The big issue I have with the movie is the whole idea of True Love. Eric and Shelly were perfect in every way. We see less than five minutes of their entire relationship and it consists of them being adorable, her smiling down on him like an angel, and the pair of them goofing around with masks and burned food. We never see them disagree or doubt or fight. In other words, we never see them act like two human beings in a real relationship. These days, I think it's interesting how we never really learn anything about Shelly. She's a cypher. She exists to be perfect, to be raped and murdered, and to be the ideal that inspires an ultimately horrible massacre. She isn't a person, she's a statue on a pedestal.

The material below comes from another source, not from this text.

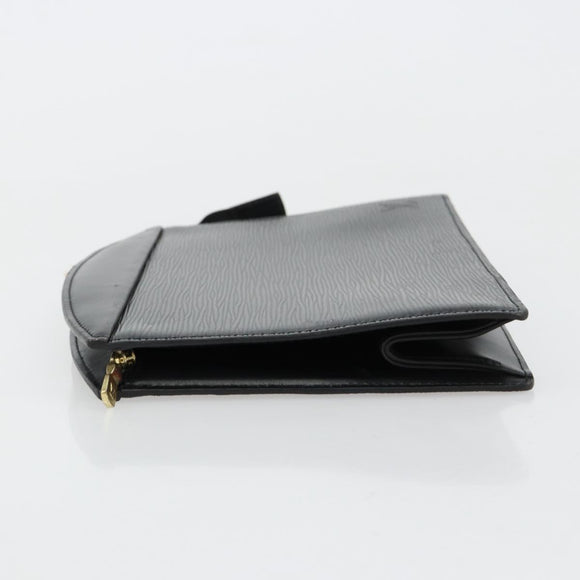 LOUIS VUITTON Epi Trousse Crete Pouch Black M48402 LV Auth 181706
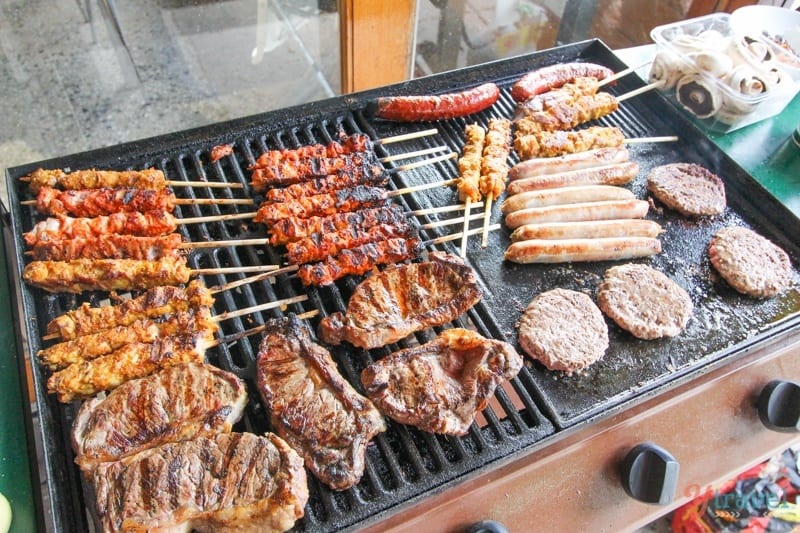 meat on a grill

I don't have a lot of patience for avengers these days. There's always something patriarchal about them. You sullied my woman/family and took them away from me, so I have a man's right to do whatever horrible thing I want to in order to avenge it. I'm also too old for fairy tales. I'm too old for simplicity. "True love" doesn't exist. Real love is lumpy and complicated and painful because people are lumpy and complicated and painful, but there's an authentic beauty in that fragility. It has more weight because it has more humanity.

If I were rewriting the screenplay of The Crow, I'd make it abundantly clear that it wasn't Eric Draven running around in the tragedy mask. Eric Draven remains moldering in the ground. The thing moving through the city butchering people is an idea, a figment, and it commits atrocity because it's a broken thing created by pain. In other words, it's a slightly more noble version of the girl from The Ring.

I am looking forward to the remake, if it ever actually comes into being. There's a lot of meat on these bones. Grief and anger are central human emotions and, in many ways, The Crow is one of the purer revenge stories. Because Eric Draven is unliving and insane, he is Vengeance Incarnate. There's a line in the comic that always stuck with me (yeah, I know the comic is significantly different) where he asks a person if he sees Eric's smile. It's sad and evil. Sad because he's utterly alone. Evil because he's dead and he still moves. You see? A dead man visits you.